10. Practical Use: Customer Segmentation

This is the classic practice scenario. You have customer data, no labels, and the business wants to know: what types of customers do we have?

set.seed(42)

# Simulated customer data
customers2 <- data.frame(
  annual_spend = c(rnorm(50, 200, 40), rnorm(50, 600, 80), rnorm(50, 1200, 150)),
  visit_frequency = c(rnorm(50, 4, 1), rnorm(50, 12, 2), rnorm(50, 25, 3))
)

# Scale then cluster
cust_s <- scale(customers2)
km_cust <- kmeans(cust_s, 3, nstart = 20)

customers2$segment <- factor(km_cust$cluster)

# Label segments meaningfully
seg_means <- aggregate(cbind(annual_spend, visit_frequency) ~ segment, data = customers2, mean)
seg_means <- seg_means[order(seg_means$annual_spend), ]
seg_labels <- c("Budget Shoppers", "Regular Customers", "VIP / High-Value")

ggplot(customers2, aes(annual_spend, visit_frequency, color = segment)) +
  geom_point(size = 3) +
  scale_color_manual(values = c("coral", "steelblue", "forestgreen"),
                     labels = seg_labels) +
  theme_minimal(base_size = 14) +
  labs(x = "Annual Spend ($)", y = "Visit Frequency (per month)",
       color = "Segment",
       title = "k-means segmentation: 3 customer groups discovered")
Figure 11: Customer segmentation: k-means discovers 3 natural groups from spending data

The workflow:

  1. Collect customer features (spend, visits, demographics, etc.)
  2. Scale the features
  3. Use elbow method to choose \(k\)
  4. Run k-means with nstart = 20
  5. Interpret the clusters → give them business-meaningful names
  6. Build different strategies per segment

11. Cheat Sheet: The Whole Story on One Page

THE k-MEANS RECIPE
===================

1. ALGORITHM (repeat until convergence):
   - Assign each point to nearest center
   - Move each center to mean of its points

2. THE FORMULA:

   min  Σⱼ Σᵢ∈Cⱼ ||xᵢ - μⱼ||²
        -------------------------
        "total distance from points
         to their cluster centers"

   Center of cluster j:  μⱼ = (1/|Cⱼ|) × Σ xᵢ

3. KEY PARAMETER:
   k → number of clusters (choose via elbow method)

4. ELBOW METHOD:
   Plot k vs WCSS → pick the "bend" point

5. GOTCHAS:
   - Random initialization → use nstart = 20
   - ALWAYS scale features first
   - Assumes spherical clusters
   - You must choose k in advance

6. SUPERVISED vs UNSUPERVISED:
   Labels → supervised (SVM, KNN)
   No labels → unsupervised (k-means)

7. PRACTICE TIP:
   "Segment customers" / "find groups" / "no labels" → k-means
   "Classify" / "predict category" / "labeled data" → SVM, KNN

12. Check Your Understanding

NoteTest Yourself

Before moving on, try to answer these without scrolling up:

  1. What makes k-means unsupervised?
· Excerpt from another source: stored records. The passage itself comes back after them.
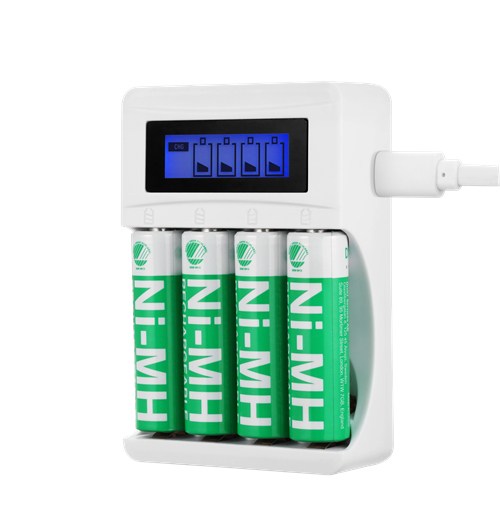 USB Batterioplader, inkl. 4xAA genopladelige batterier, hvid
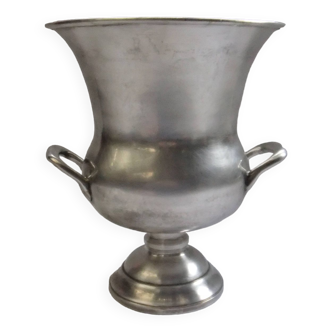 Old champagne bucket with vintage silver metal cooler Medici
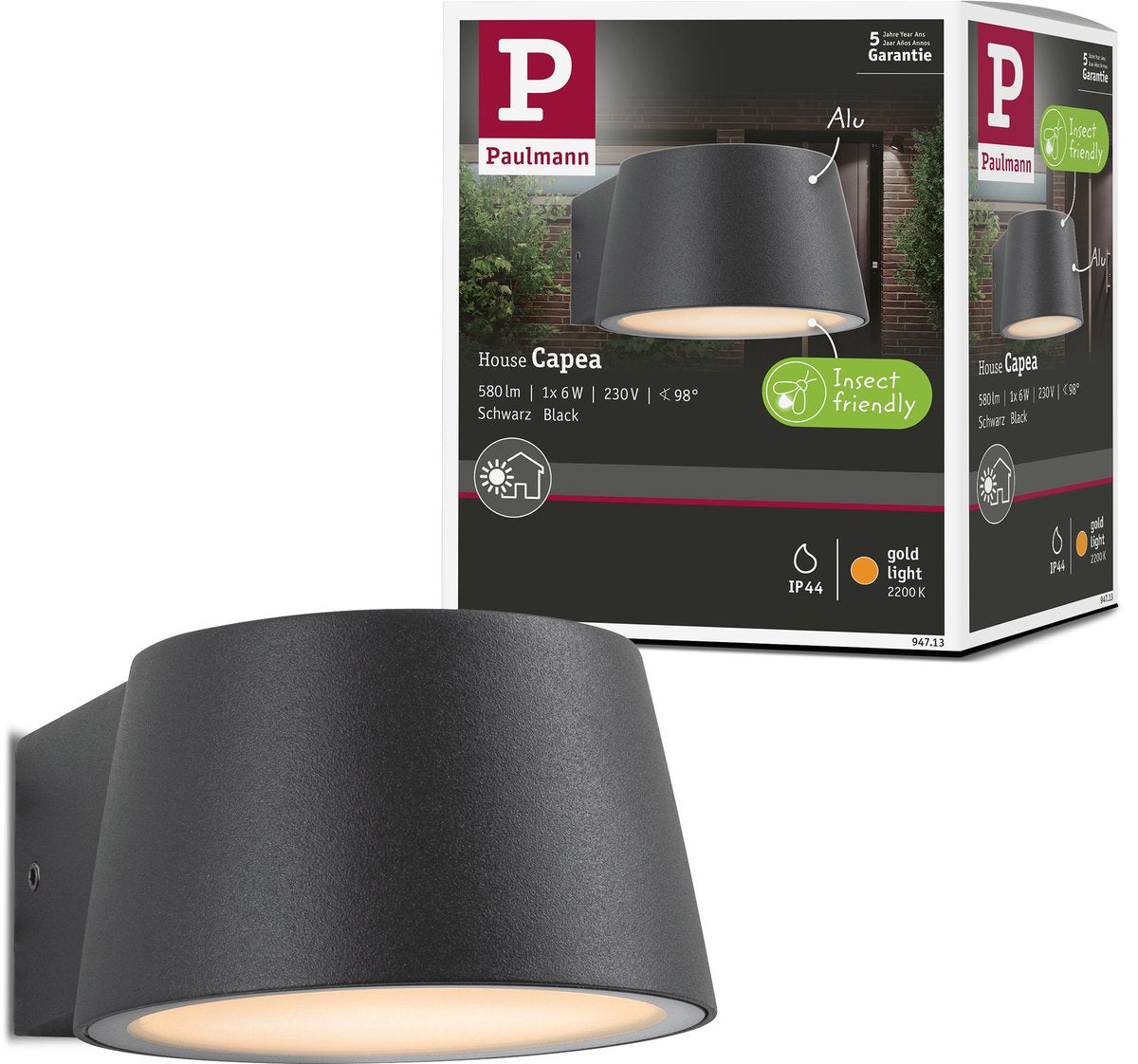 Paulmann applique da esterno LED capea insetticida ip44 96x128 mm 2200k 6w 550lm 230v 98° alluminio antracite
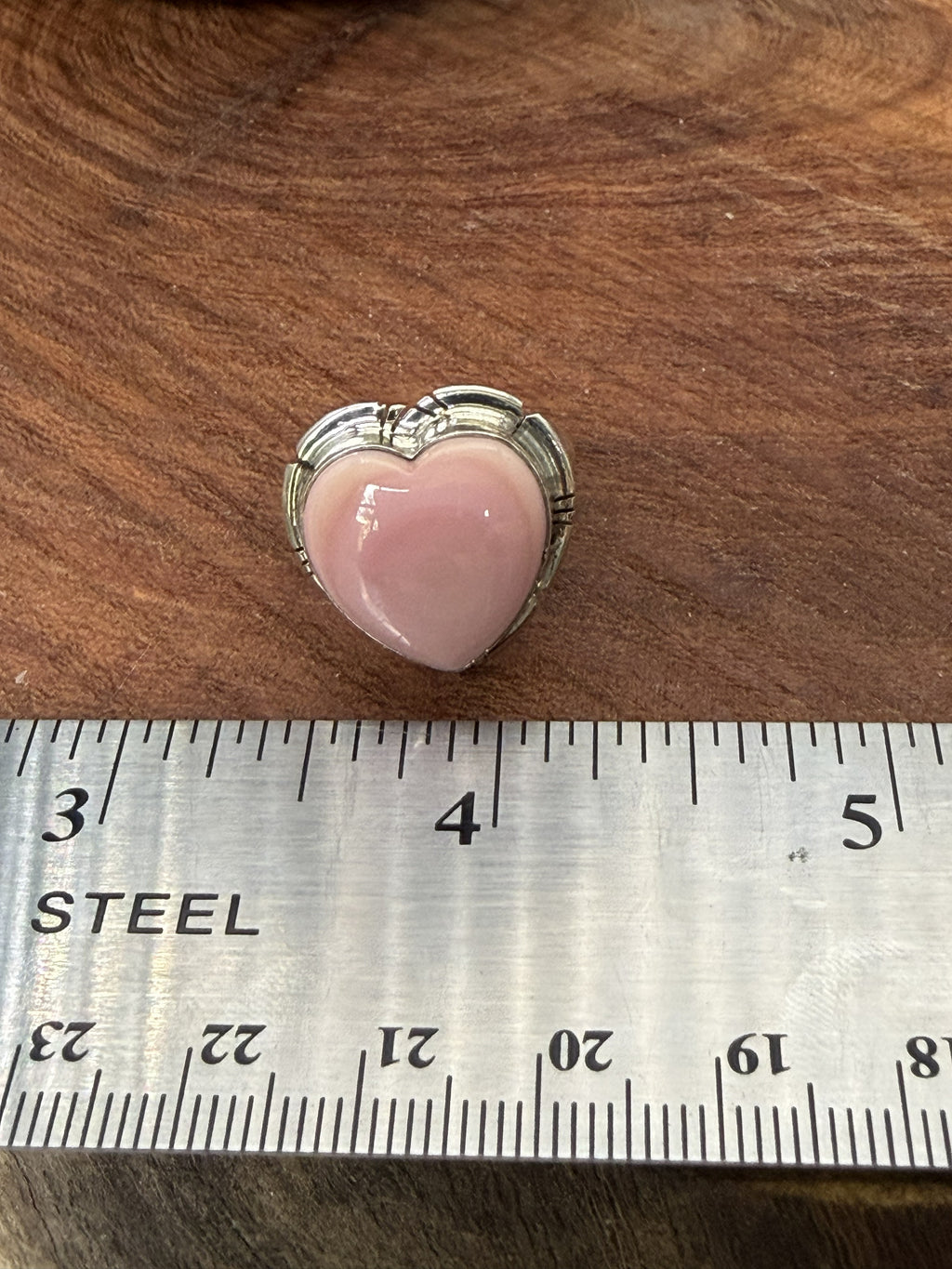 *Native American Made*  Navajo Samson Etsitty:  Pink Conch Heart Ring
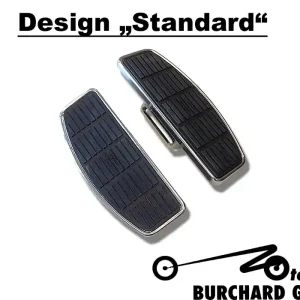 Geprüft Highway Hawk Trittbretter Fahrer "Standard" Chrom für Yamaha XVS 650, 1100 Drag Star mit ABE und Haltesatz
How is this different from KNN?
  2. Describe the k-means algorithm in 4 steps.
  3. What does k-means minimize? Write the formula in words.
  4. Why is the centroid the mean of the cluster points?
  5. How does the elbow method work? What are you plotting?
  6. Why do you need to run k-means with multiple random starts?
  7. Give a scenario where k-means would fail. Why does it fail?
  8. A question says “we have customer purchase data and want to identify different customer types.” Which model? Why not SVM?